Больная нога так до конца и не выздоровела. Стелла хромает при ходьбе, а иногда, если Стелла долго простоит на одном месте, нога воспаляется. Прошлой зимой она распухла настолько, что увеличилась в два раза. У Стеллы началась лихорадка, и она пять дней не вставала с холодного сырого пола своих владений.
Это были очень долгие пять дней.
Я и сейчас не уверен, что она оправилась до конца. Впрочем, Стелла никогда не жалуется, так что наверняка не скажешь.
Здесь, в торговом центре, нет нужды держать слона на железных цепях. Привязали грубой веревкой к вбитому в пол болту – и хватит.
«Они думают, что я слишком стара для того, чтобы доставить им неприятности, – говорит Стелла. – Преклонный возраст, – добавляет она, – это прекрасная маскировка».
план
Уже два дня нет ни одного посетителя. Мак ходит в плохом настроении. Он говорит, что мы терпим здоровенные убытки. Говорит еще, что продаст всех нас.
Когда Тельма, желто-голубая самка попугая ара, в третий раз за 10 минут выкрикивает «Поцелуй меня, хозяин!», Мак швыряет в нее банку с газировкой. Крылья Тельмы подрезаны, чтобы не улетела, но скакать она очень даже может. Попугаиха отпрыгивает в сторону как раз вовремя и с пронзительным присвистом кричит: «Подставляй губки!»
Тяжело топая, Мак уходит в свой кабинет и с грохотом захлопывает дверь.
Может, я наскучил посетителям? Может, если я разучу трюк-другой, это исправит ситуацию?
Людям явно нравится глядеть на то, как я ем. А я, к счастью, голоден всегда.
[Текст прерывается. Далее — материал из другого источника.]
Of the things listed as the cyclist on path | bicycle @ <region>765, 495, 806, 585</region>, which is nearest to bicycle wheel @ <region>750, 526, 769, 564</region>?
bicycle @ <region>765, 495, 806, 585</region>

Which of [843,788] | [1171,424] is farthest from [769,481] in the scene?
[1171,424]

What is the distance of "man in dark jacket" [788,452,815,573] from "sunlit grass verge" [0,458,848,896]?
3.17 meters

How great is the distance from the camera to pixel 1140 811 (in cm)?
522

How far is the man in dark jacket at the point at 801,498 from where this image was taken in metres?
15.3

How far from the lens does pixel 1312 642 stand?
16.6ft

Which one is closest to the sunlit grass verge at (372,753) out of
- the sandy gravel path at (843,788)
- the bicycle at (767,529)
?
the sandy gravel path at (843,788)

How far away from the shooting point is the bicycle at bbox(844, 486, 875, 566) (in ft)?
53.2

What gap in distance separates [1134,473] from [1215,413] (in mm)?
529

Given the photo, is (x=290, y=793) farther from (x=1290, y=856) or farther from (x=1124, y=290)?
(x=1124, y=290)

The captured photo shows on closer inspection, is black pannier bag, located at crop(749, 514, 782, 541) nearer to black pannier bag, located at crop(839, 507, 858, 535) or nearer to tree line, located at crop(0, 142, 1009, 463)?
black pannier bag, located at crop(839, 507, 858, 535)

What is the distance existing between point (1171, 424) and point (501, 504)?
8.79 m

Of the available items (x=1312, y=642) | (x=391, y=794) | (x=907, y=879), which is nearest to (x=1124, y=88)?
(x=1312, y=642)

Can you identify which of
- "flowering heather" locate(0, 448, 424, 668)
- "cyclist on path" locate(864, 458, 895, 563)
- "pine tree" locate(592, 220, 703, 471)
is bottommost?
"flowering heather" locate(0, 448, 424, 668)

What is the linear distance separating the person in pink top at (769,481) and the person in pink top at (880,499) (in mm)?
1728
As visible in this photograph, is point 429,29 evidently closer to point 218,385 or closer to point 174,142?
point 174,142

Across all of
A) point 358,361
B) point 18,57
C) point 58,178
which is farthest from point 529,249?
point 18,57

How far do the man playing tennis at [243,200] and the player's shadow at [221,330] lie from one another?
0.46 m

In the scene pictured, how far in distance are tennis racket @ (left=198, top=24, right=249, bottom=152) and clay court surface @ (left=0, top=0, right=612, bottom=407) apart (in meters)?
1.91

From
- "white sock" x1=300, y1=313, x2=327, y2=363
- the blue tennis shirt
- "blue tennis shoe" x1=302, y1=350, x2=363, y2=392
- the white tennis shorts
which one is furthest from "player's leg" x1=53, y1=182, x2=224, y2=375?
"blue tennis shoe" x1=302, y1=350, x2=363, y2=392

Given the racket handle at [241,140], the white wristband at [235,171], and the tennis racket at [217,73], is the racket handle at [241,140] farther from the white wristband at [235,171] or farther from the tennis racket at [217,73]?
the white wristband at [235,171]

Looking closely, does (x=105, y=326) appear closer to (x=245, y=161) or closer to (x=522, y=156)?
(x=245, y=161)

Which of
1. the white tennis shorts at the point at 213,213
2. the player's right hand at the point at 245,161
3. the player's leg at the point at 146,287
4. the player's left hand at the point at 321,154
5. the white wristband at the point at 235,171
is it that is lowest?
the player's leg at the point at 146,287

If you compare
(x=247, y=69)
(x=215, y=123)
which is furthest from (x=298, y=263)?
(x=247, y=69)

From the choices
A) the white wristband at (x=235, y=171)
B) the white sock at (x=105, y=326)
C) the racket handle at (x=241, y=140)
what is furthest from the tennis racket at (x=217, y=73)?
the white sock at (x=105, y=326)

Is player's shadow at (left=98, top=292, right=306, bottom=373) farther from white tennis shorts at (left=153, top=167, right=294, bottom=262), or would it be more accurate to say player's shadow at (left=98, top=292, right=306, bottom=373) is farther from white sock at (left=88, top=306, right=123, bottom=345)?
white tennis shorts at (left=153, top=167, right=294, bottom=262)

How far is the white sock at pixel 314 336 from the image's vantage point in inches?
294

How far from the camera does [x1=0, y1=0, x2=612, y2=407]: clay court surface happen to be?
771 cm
У меня талант к еде.
Если силвербэк хочет остаться силвербэком, он должен съедать 20 килограммов в день. 20 килограммов фруктов, листьев, зерна, стеблей, коры, веток и гнилой древесины.
Не откажусь я и от насекомого, если попадется.
Я постараюсь есть больше, тогда, может быть, и посетителей прибавится. Завтра я съем двадцать два килограмма, а может, даже двадцать пять.
Тогда Мак снова повеселеет.
боб
Я излагаю свой план Бобу.
«Айван, – говорит он, – поверь мне, проблема вов се не в твоем аппетите». Он прыгает мне на грудь и лижет подбородок – на случай, если там остались крошки еды.
Боб – бродячий, то есть у него нет постоянного места жительства. Он такой быстрый и изворотливый, что работники торгового центра уже давно перестали его ловить. Боб проскальзывает сквозь любые трещины и отверстия не хуже спасающейся крысы. Он прекрасно живет за счет недоеденных хот-догов, которые находит в мусорных ящиках, а на десерт лакает пролитый лимонад и подъедает упавшие рожки с мороженым.
Я пытался поделиться с Бобом своей пищей, но он весьма привередлив в еде и сказал, что предпочитает добывать пищу самостоятельно.
Боб мелкий, поджарый и стремительный, словно научившаяся лаять белка. Он орехового цвета, с большими ушами. Хвост у Боба все время изгибается и танцует, как высокая трава на ветру.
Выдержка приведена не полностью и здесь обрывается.